WHAT THE TASK ASKS: All records that follow are to be copied exactly, with images omitted.

RECORDS PROVIDED:
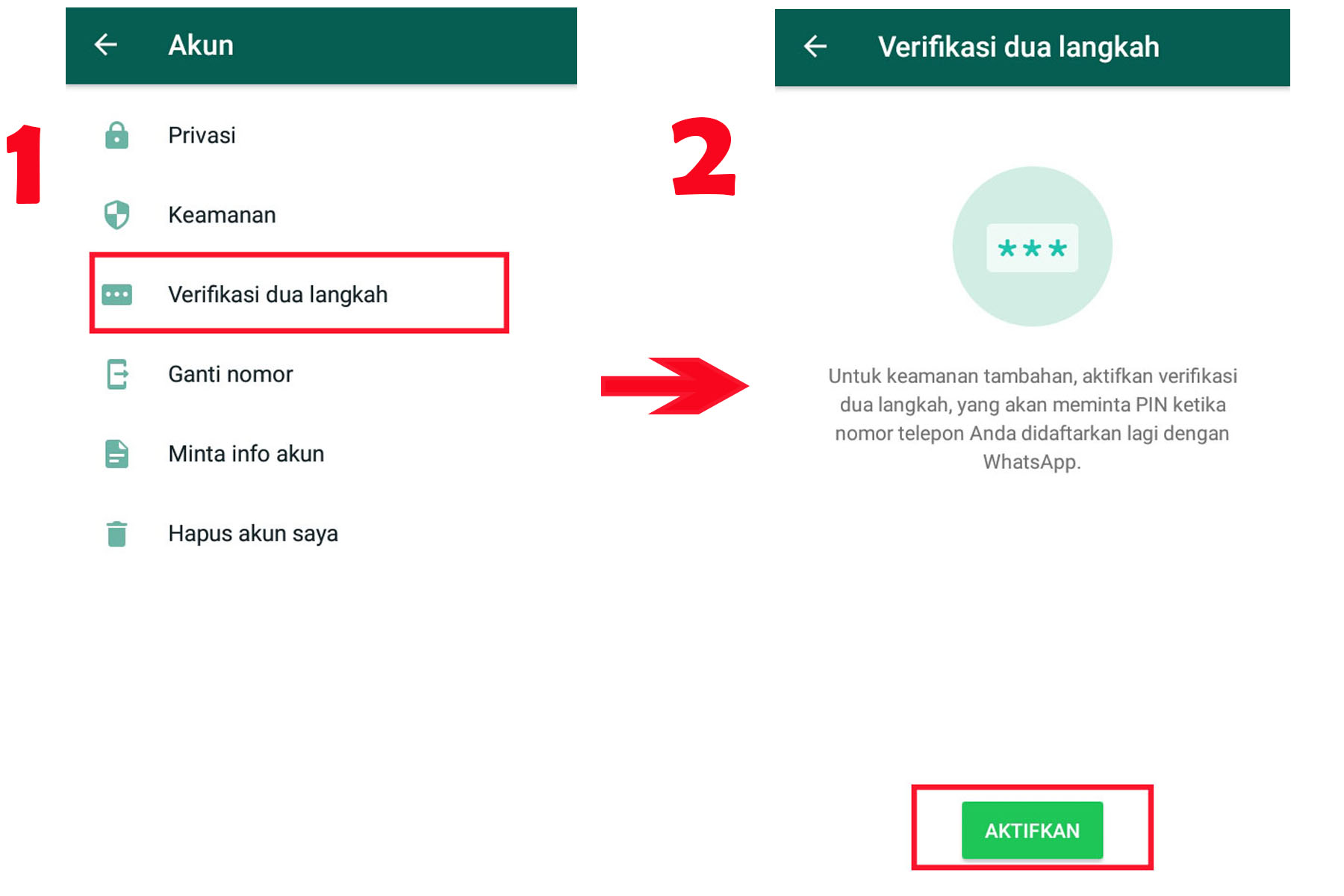 pilih verifikasi dua langkah pada menu whatsapp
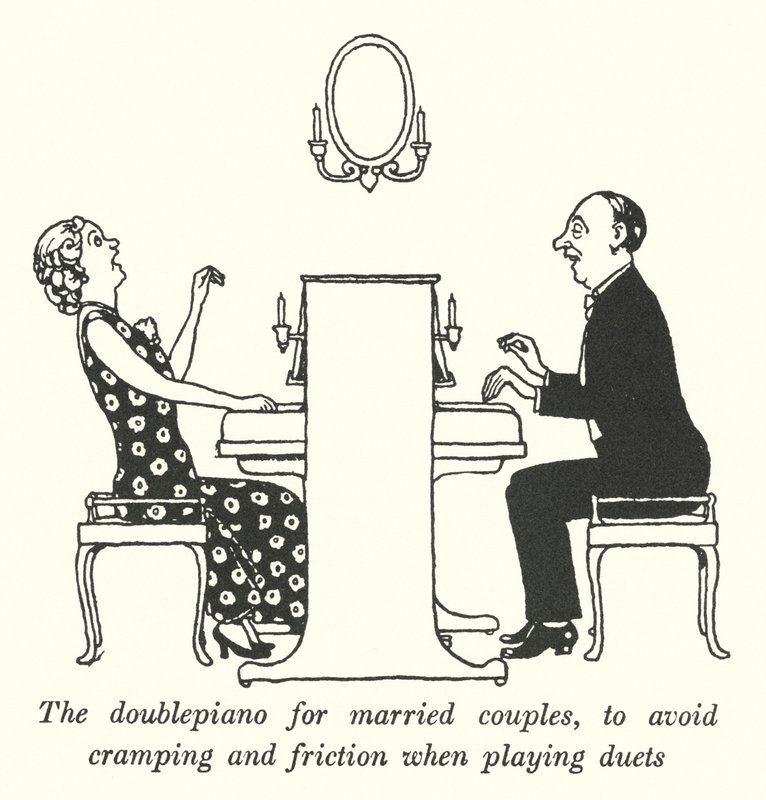 The Doublepiano for Married Couples, to Avoid Cramping and Friction When Playing Duets by William Heath Robinson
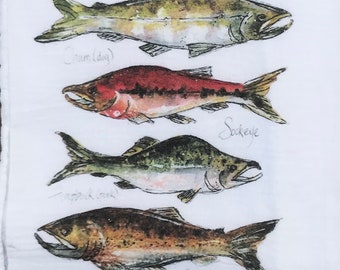 Watercolor "Pacific Salmon" Flour Cloth Dishtowel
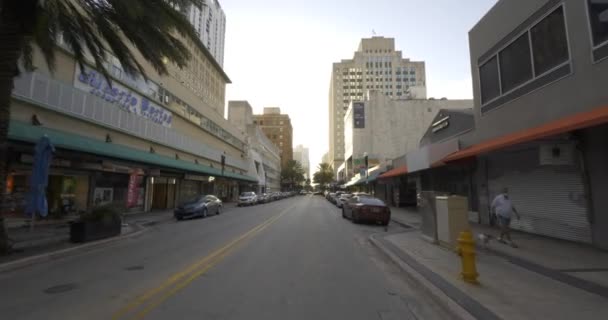 Miami Usa Október 2020 Driving West Flagler Street Downtown Miami — Stock videók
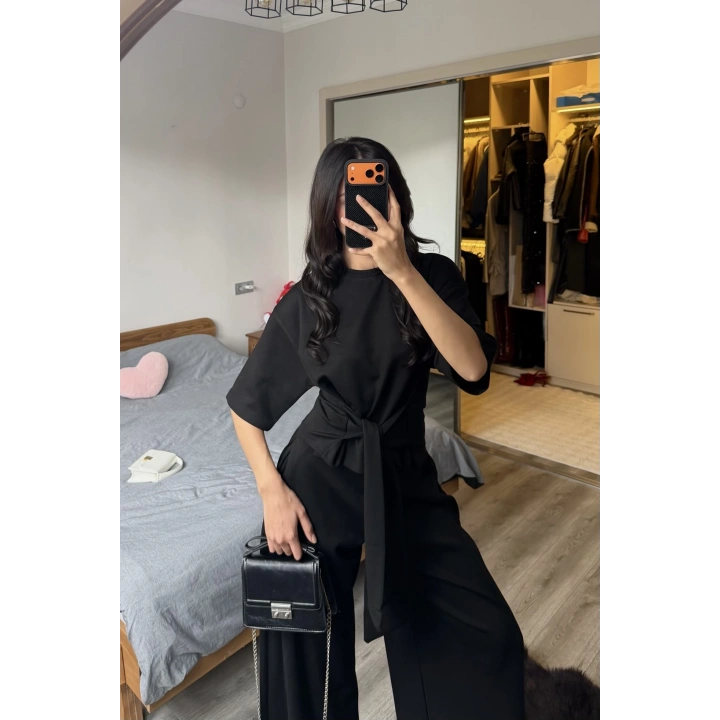 Rachel Siyah Bel Kuşaklı Modal Takım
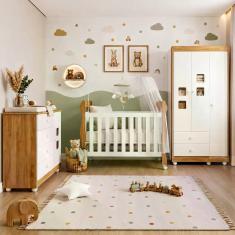 Quarto de Bebê com Berço Mini Cama, Cômoda 1 Porta 4 Gavetas e Roupeir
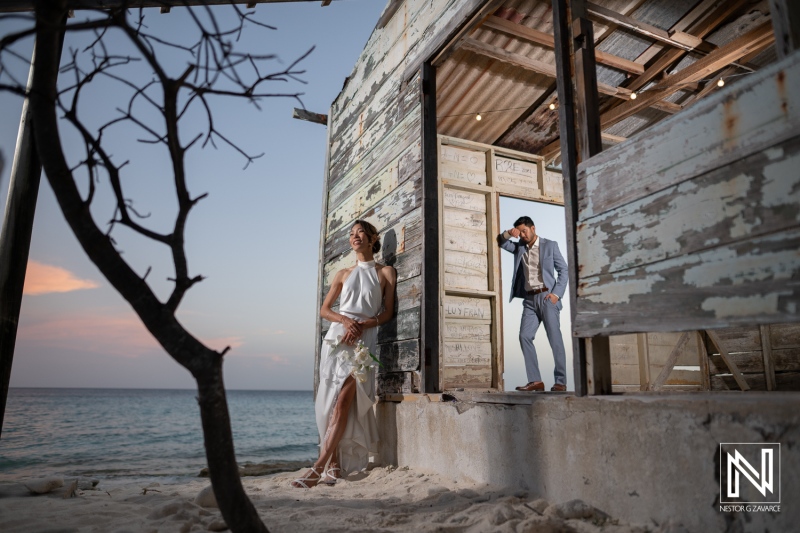 Couple celebrates wedding at Playa Hunku in Curacao during sunset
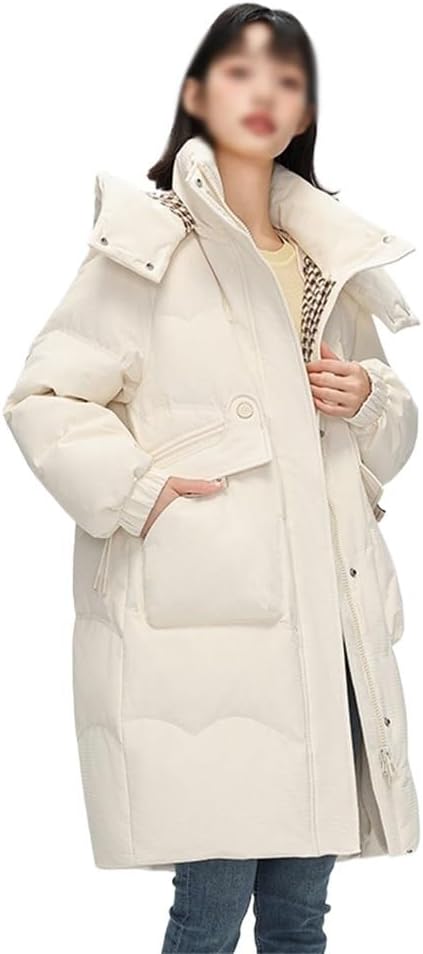 Women Autumn And Winter Medium-length Down Jacket Casual Thickened Warm Cold Hooded Jacket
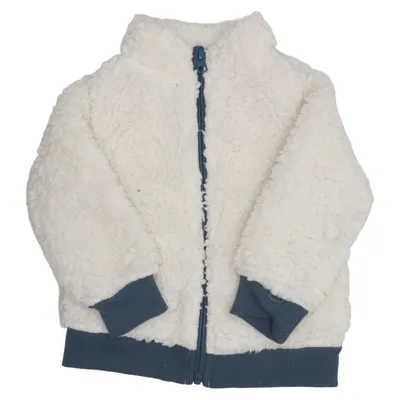Fleecejacke (Weiß, Blau) von Pocopiano Baumwolle, Polyester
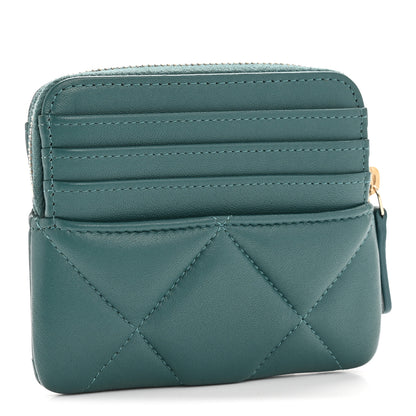 Chanel Lambskin Quilted Chanel 19 Zip Card Holder Wallet Dark Green 6 of 14
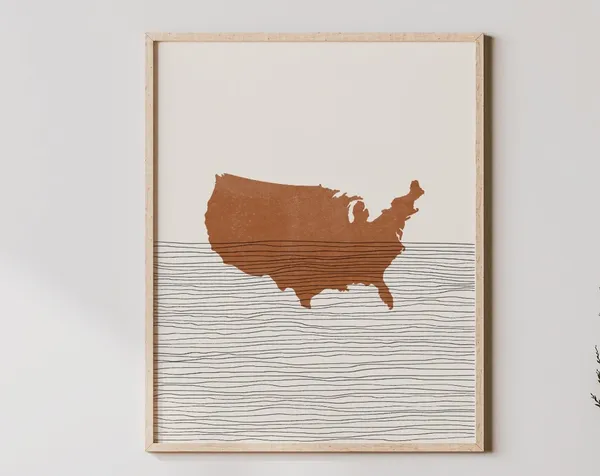 United States Boho Travel Poster, America Map Silhouette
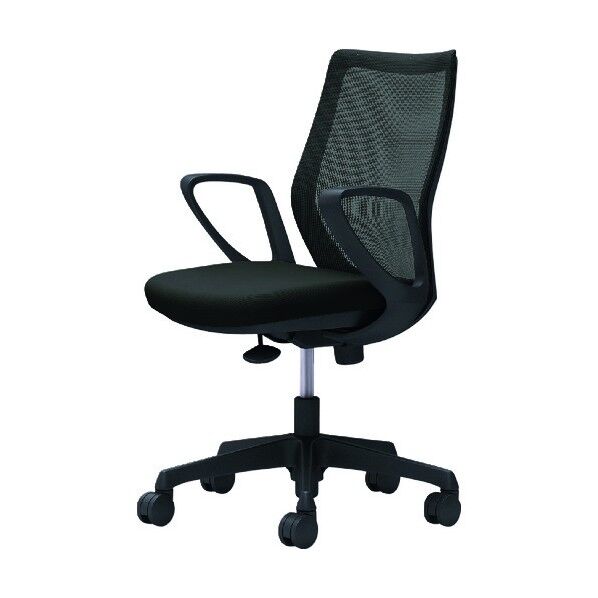 CG-M 固定肘 背メッシュ ハンガー無 ブラックボディ ナイロンキャスター ブラック CG21ZR FZK1 1点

REPLY TO THE EXERCISE:
 pilih verifikasi dua langkah pada menu whatsapp
 The Doublepiano for Married Couples, to Avoid Cramping and Friction When Playing Duets by William Heath Robinson
 Watercolor "Pacific Salmon" Flour Cloth Dishtowel
 Miami Usa Október 2020 Driving West Flagler Street Downtown Miami — Stock videók
 Rachel Siyah Bel Kuşaklı Modal Takım
 Quarto de Bebê com Berço Mini Cama, Cômoda 1 Porta 4 Gavetas e Roupeir
 Couple celebrates wedding at Playa Hunku in Curacao during sunset
 Women Autumn And Winter Medium-length Down Jacket Casual Thickened Warm Cold Hooded Jacket
Fleecejacke (Weiß, Blau) von Pocopiano Baumwolle, Polyester
 Chanel Lambskin Quilted Chanel 19 Zip Card Holder Wallet Dark Green 6 of 14
 United States Boho Travel Poster, America Map Silhouette
 CG-M 固定肘 背メッシュ ハンガー無 ブラックボディ ナイロンキャスター ブラック CG21ZR FZK1 1点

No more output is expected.